| Striker | Protecta |
Caliber | 12 Gauge (2 3/4 in - 70 mm chamber) |
Length (butt folded / open), with 12" barrel | 508 / 792 mm | 500 / 800 mm |
Barrel length | 12 in (304 mm) or 18 in (457 mm), other lengths also were made |
Weight, empty | 4.2 kg | |
Magazine capacity | 12 rounds in non-detachable rotary cylinder |
The Striker shotgun was originally designed in the early 1980s by the someone Hilton Walker from Rhodesia. After the fall of Rhodesia he moved to the South African Republic, where he continued the development of his counter-insurgency, high capacity combat shotgun. First production models of his shotgun, named "Striker", were made during the mid-1980s, and found its way from the South Africa and into the USA, and other countries.
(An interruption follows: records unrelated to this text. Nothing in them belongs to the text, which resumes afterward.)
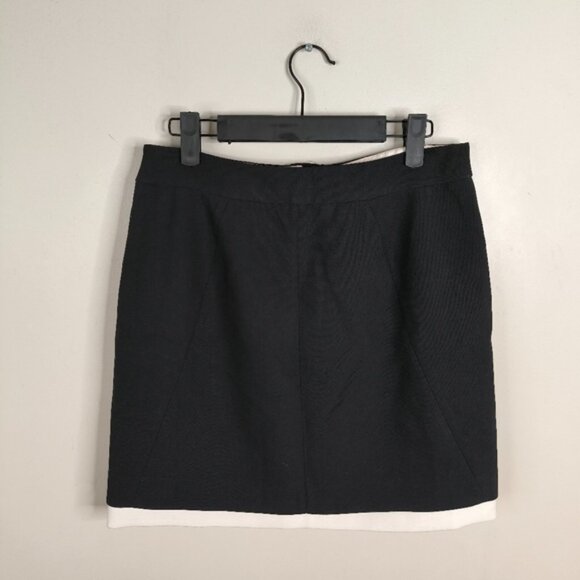 Banana Republic Quiet Luxury Two Toned Mod Retro Stretch Skirt 6 - Picture 3 of 8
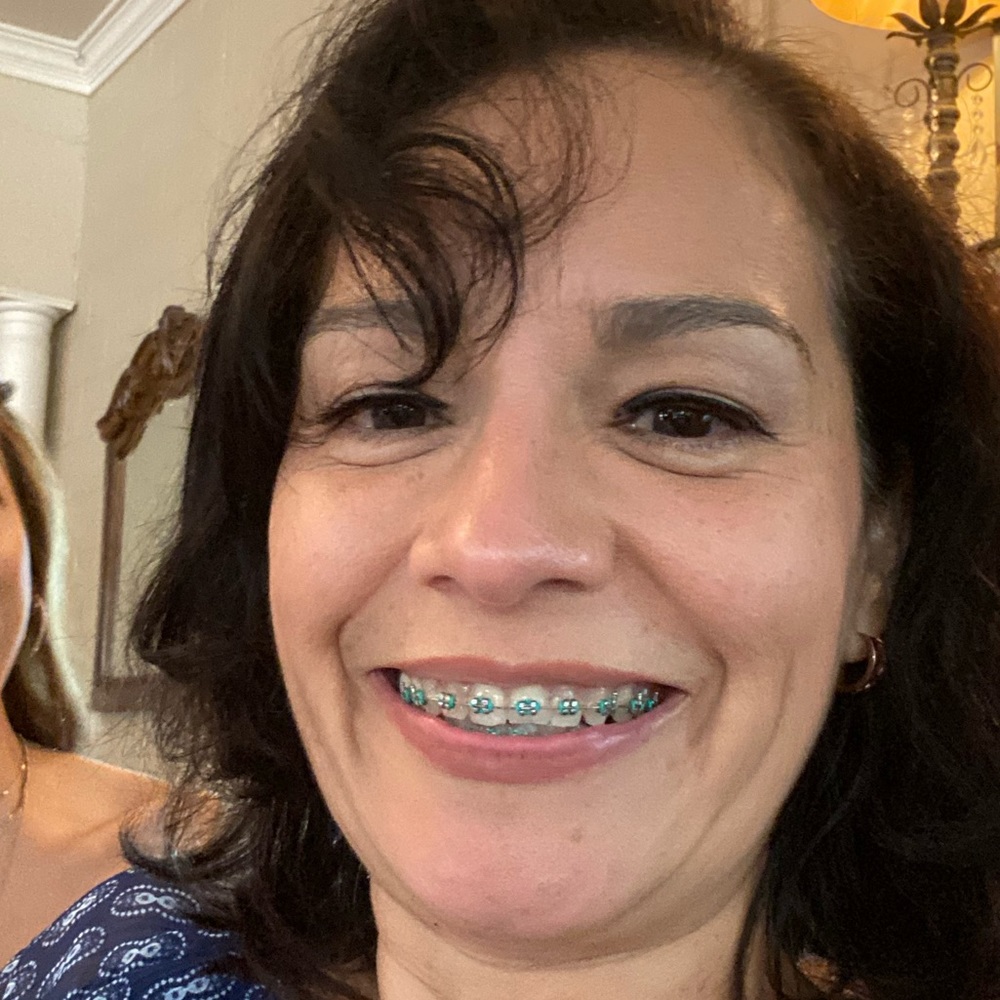 Meet your Posher, Damaris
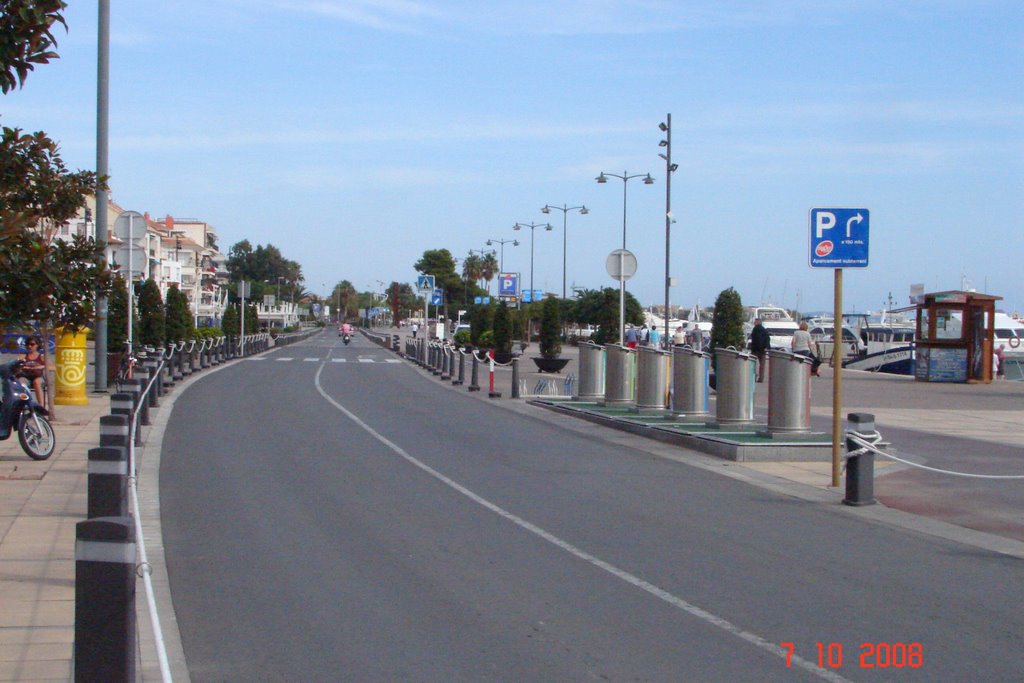 Cambrils, View East. by KABULL.Hinksford.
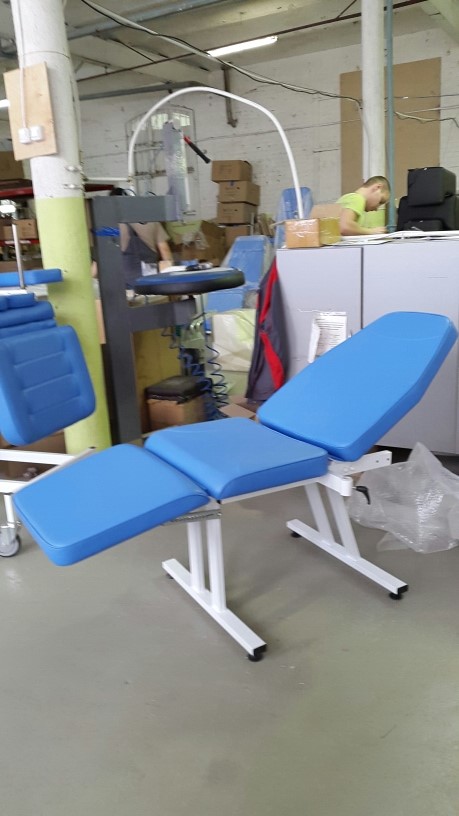 Донорское кресло к-02дн для забора крови в процедурный кабинет СИТИЛАБ  с широкими подлокотниками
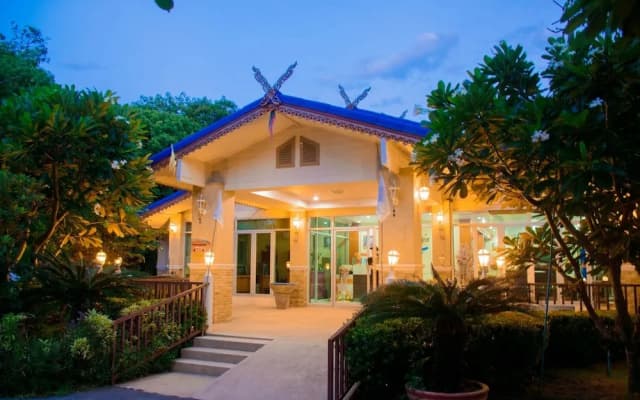 Sinatara Resort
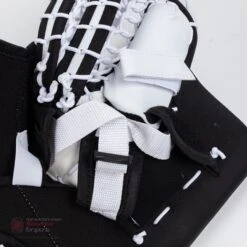 Bauer GSX Prodigy Youth Goalie Catcher S20 -Hockey Discount Store bauer catchers bauer gsx prodigy youth goalie catcher 14463991742530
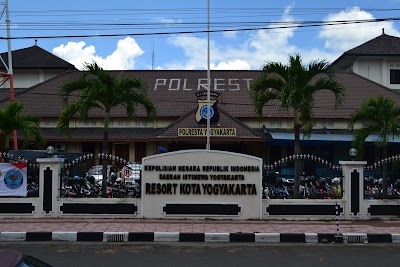 Photos of Polresta Yogyakarta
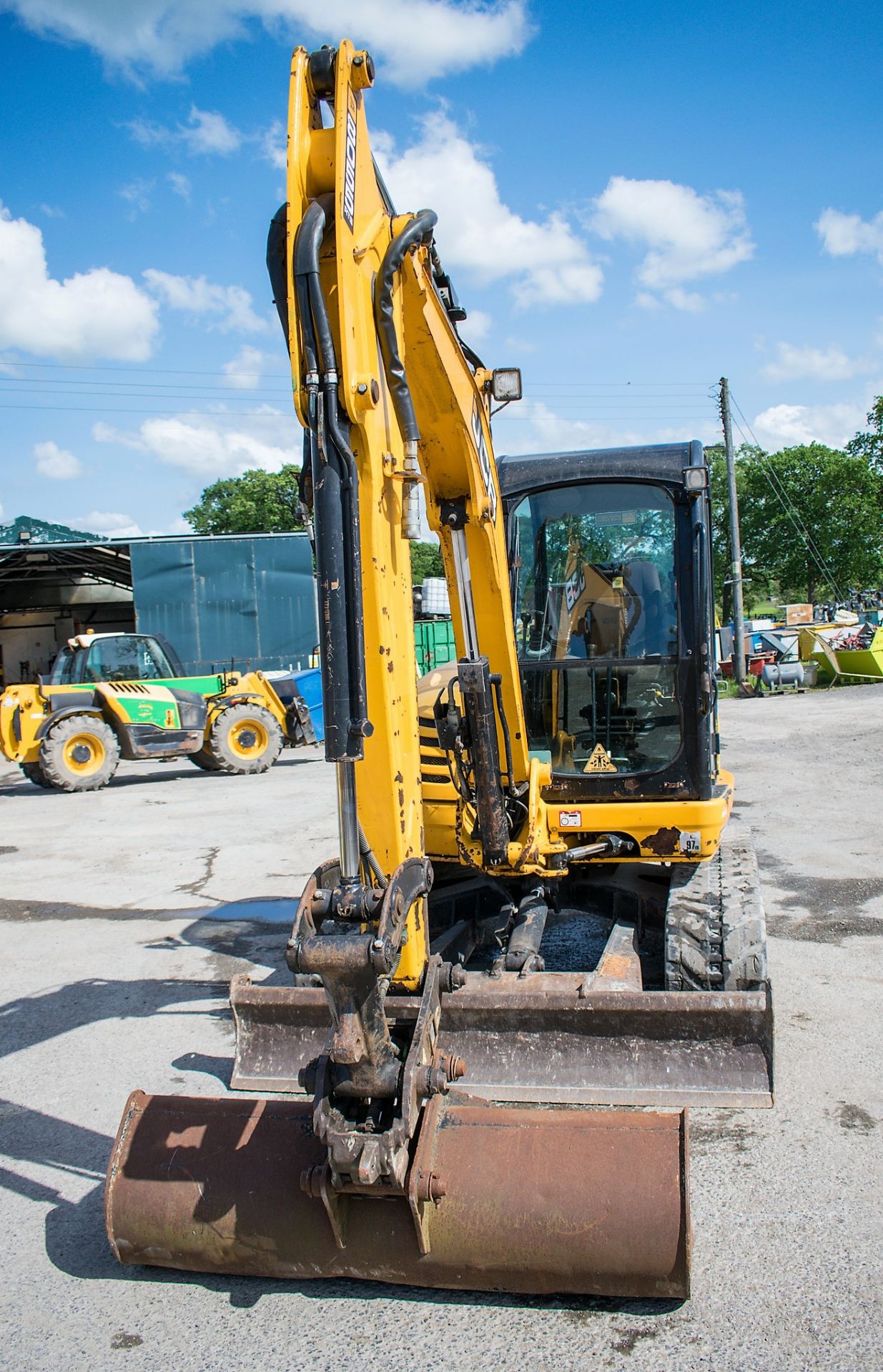 JCB 8055 RTS 5.5 tonne rubber tracked excavator Year: 2014 S/N: 2060716 Recorded Hours: 2298 - Image 5 of 12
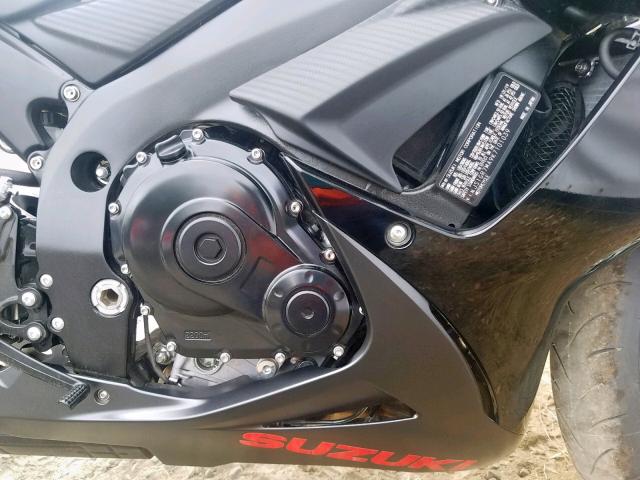 JS1GR7MA9K7101039 - 2019 SUZUKI GSX-R750 BLACK photo 5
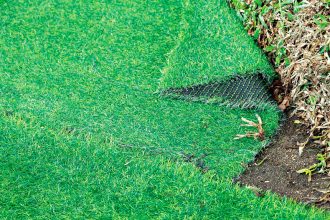 Artifical grass has many advantages over real grass, but also a number of disadvantages.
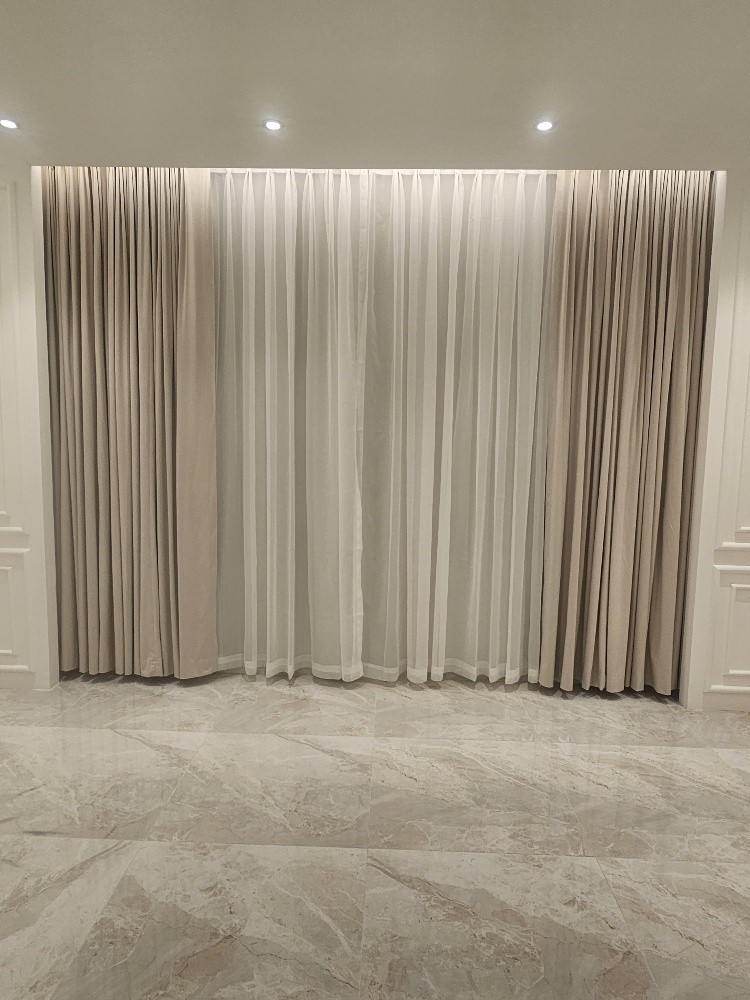 curtains and carper sofa wallpaper - 6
The key advantages of the Striker shotgun were its large magazine capacity, which is doubled the traditional shotguns magazine capacity of that time, and rapid-fire capability. On the other hand, the rotary cylinder-type magazine was bulky, very slow to reload, and the basic action was not without certain flaws. During the late 1980s Mr. Walker redesigned his shotgun, getting rid of its watch clock-like cylinder rotation mechanism, and replaced it with manually operated cylinder rotating mechanism, linked to the side-swinging vertical front grip. The rest of the features of the Striker, including the DAO trigger, cylinder design and top-folding butt, were retained, and the spent cases auto-ejection feature was added to speed up reloading. The shotguns of updated design, called "Protecta", are still manufactured in South Africa by the Reutech Defense Industries, and offered in various barrel lengths, ranging from 171 mm (Protecta Bulldog) to the 760 mm, and with various finishes. I must admit that the most bizarre firearm I've ever seen was the gold-plated Protecta (with huge, gold-plated muzzle brake), which was sold in one of the central Russian gun shops in Moscow for local equivalent of the several thousands of US dollars.